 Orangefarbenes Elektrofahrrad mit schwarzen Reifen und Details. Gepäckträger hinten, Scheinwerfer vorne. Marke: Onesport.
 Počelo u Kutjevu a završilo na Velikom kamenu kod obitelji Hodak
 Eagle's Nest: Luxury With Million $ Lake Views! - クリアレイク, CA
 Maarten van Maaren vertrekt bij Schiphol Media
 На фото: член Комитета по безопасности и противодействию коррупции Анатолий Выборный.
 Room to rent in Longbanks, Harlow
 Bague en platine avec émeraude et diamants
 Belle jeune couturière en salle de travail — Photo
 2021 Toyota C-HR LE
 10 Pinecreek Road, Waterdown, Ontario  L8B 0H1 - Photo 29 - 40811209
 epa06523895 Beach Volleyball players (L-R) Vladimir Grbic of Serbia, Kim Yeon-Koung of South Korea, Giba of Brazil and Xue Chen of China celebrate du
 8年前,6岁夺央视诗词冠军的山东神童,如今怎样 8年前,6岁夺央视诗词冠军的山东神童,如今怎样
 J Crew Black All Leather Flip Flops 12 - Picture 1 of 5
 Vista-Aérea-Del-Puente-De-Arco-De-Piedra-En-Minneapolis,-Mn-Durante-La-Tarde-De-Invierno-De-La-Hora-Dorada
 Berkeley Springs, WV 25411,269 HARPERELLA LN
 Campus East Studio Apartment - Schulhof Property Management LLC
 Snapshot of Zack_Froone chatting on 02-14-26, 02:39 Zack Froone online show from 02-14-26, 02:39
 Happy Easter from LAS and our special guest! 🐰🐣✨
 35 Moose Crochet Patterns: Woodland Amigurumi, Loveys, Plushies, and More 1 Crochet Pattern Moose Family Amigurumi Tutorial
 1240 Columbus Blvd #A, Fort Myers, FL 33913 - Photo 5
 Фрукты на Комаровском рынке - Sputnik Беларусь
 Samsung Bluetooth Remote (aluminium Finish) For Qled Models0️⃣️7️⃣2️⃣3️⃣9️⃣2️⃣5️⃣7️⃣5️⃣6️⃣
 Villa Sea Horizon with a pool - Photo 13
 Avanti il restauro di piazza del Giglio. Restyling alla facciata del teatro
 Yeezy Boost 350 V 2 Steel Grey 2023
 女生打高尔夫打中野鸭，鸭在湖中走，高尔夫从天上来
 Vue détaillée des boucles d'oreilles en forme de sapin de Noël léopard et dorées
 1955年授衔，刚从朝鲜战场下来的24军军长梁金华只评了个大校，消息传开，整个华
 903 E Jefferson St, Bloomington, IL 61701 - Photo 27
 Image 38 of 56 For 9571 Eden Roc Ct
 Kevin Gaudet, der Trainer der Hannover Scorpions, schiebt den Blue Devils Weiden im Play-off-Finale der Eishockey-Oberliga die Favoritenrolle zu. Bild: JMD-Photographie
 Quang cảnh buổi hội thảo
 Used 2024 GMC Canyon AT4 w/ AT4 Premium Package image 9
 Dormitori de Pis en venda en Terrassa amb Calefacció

* Directions
Within the data above, the lines from the one with "На фото: член" to the one with "epa06523895 Beach Volleyball" must be repeated exactly; no other line belongs in the answer.

* Answer box
 На фото: член Комитета по безопасности и противодействию коррупции Анатолий Выборный.
 Room to rent in Longbanks, Harlow
 Bague en platine avec émeraude et diamants
 Belle jeune couturière en salle de travail — Photo
 2021 Toyota C-HR LE
 10 Pinecreek Road, Waterdown, Ontario  L8B 0H1 - Photo 29 - 40811209
 epa06523895 Beach Volleyball players (L-R) Vladimir Grbic of Serbia, Kim Yeon-Koung of South Korea, Giba of Brazil and Xue Chen of China celebrate du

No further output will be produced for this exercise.